Oleh Heri Faisal
Dalam sebuah perkuliahan saya begitu tergelitik dengan komentar dosen saya tentang gempa. Peristiwa itu terjadi di minggu pertama perkuliahan pascagempa. Melihat mahasiswa di lokal yang masih was-was dan cemas terhadap gempa, Dosen ini pun maklum dan tidak jadi memberikan perkuliahan. Sedikit berceramah, ia mulai menyampaikan petuahnya seputar gempa di Sumbar.

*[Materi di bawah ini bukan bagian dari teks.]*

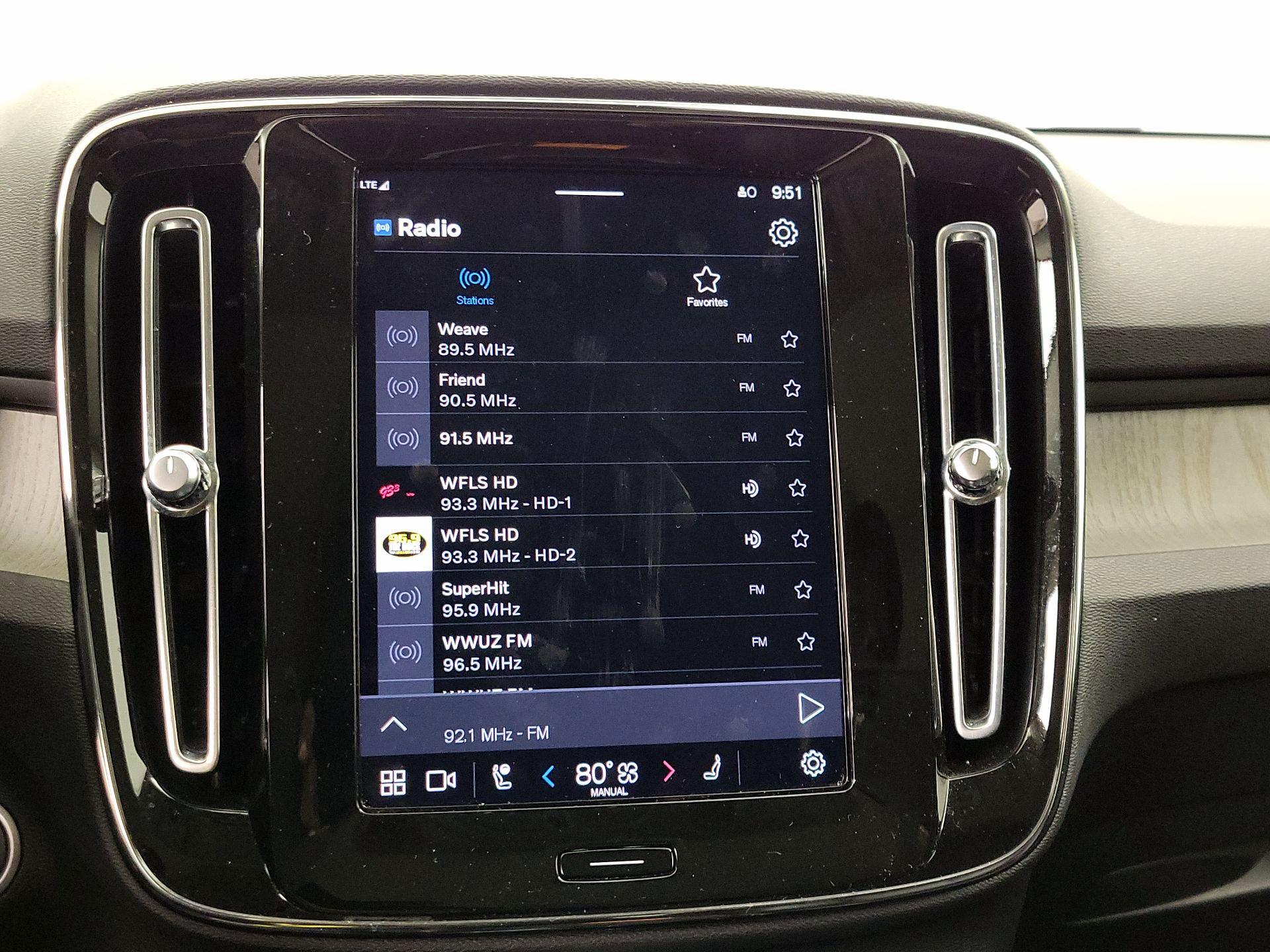 Thumbnail: 2023 Volvo XC40 - 15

Saya sempat merenungkan pesannya. Kira-kira seperti ini, “ gempa tidak membunuh manusia, yang membunuh manusia hanyalah ketakutan manusia itu sendiri, maka bersahabatlah dengan gempa,” begitu pesannya. Saya sedikit tertawa mendengar ceramahnya. Mana mungkin gempa tidak membunuh. Buktinya, bangunan-bangunan runtuh akibat gempa dan menewaskan banyak orang yang tertimbun di dalamnya. Itu realita logis yang ada dipikiran saya. Saya rasa pembaca juga berpikir demikian.
Gempa Padang, Rabu (30/9) menimbulkan kerusakan parah (repro)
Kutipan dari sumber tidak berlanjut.